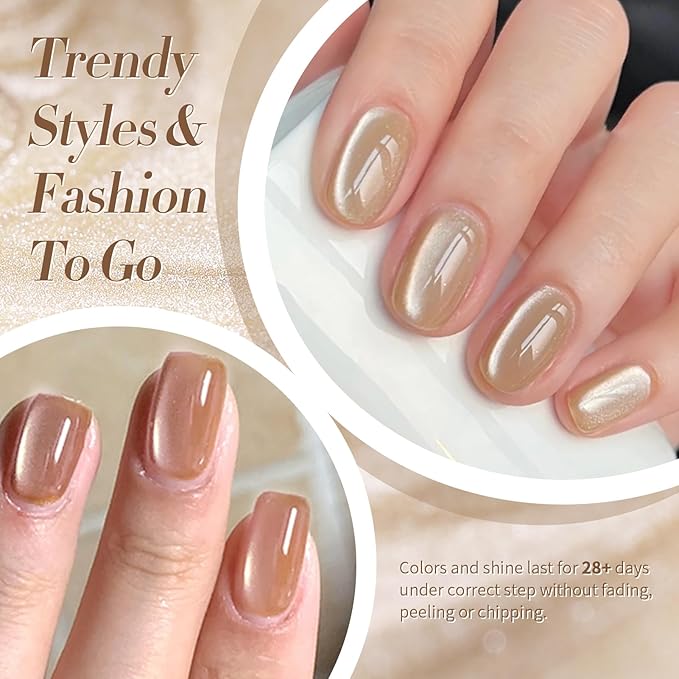 Born Pretty Cat Magnetic Eye Gel Nail Polish Cat Magnetic Shimmer Glitter Holographic Nail Polish Autumn Winter Moonlight Nude Brown Pink Purple 7ML 6PCS-Velvo Beauty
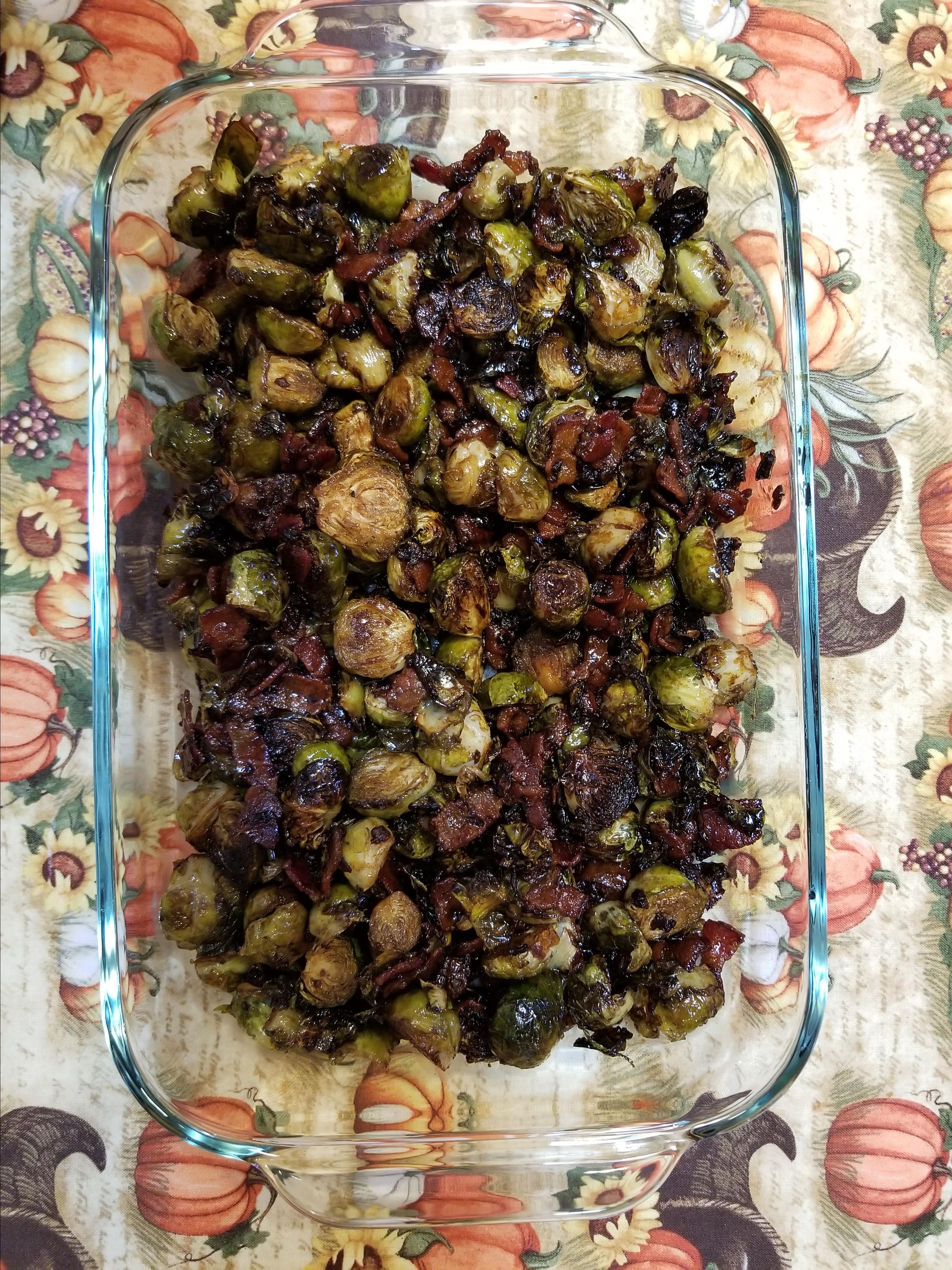 Glazed Brussels Sprouts with Bison Bacon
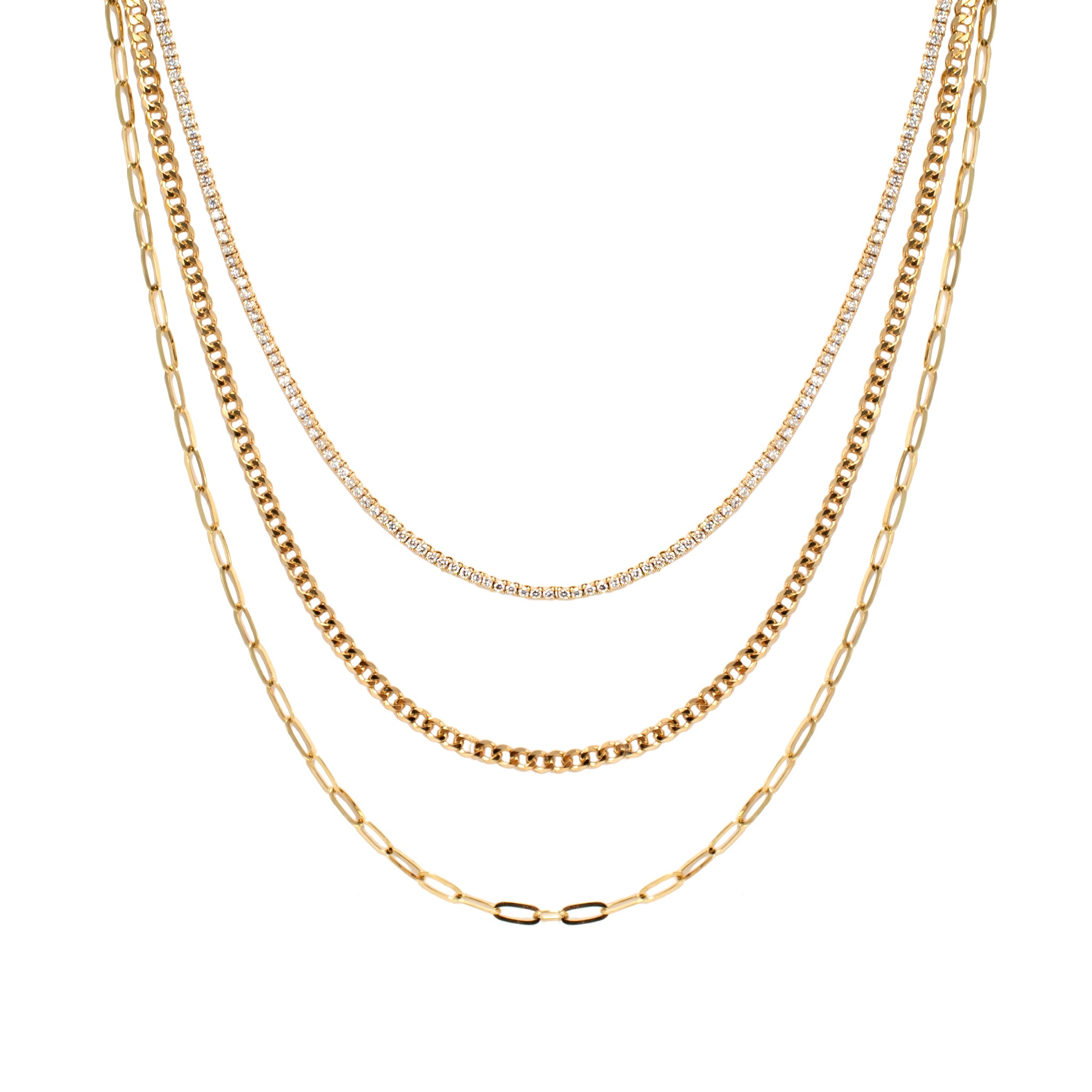 Ladies 14K Yellow Gold 5.49ct Diamond Tennis Cuban Paper Clip Multi Row Necklace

EXERCISE INSTRUCTIONS >>
Leaving the pictures out, transcribe word for word the lines from the one with "Glazed Brussels Sprouts with Bison Bacon" to the end of the material above, inclusive, and nothing else.

EXERCISE ANSWER >>
 Glazed Brussels Sprouts with Bison Bacon
 Ladies 14K Yellow Gold 5.49ct Diamond Tennis Cuban Paper Clip Multi Row Necklace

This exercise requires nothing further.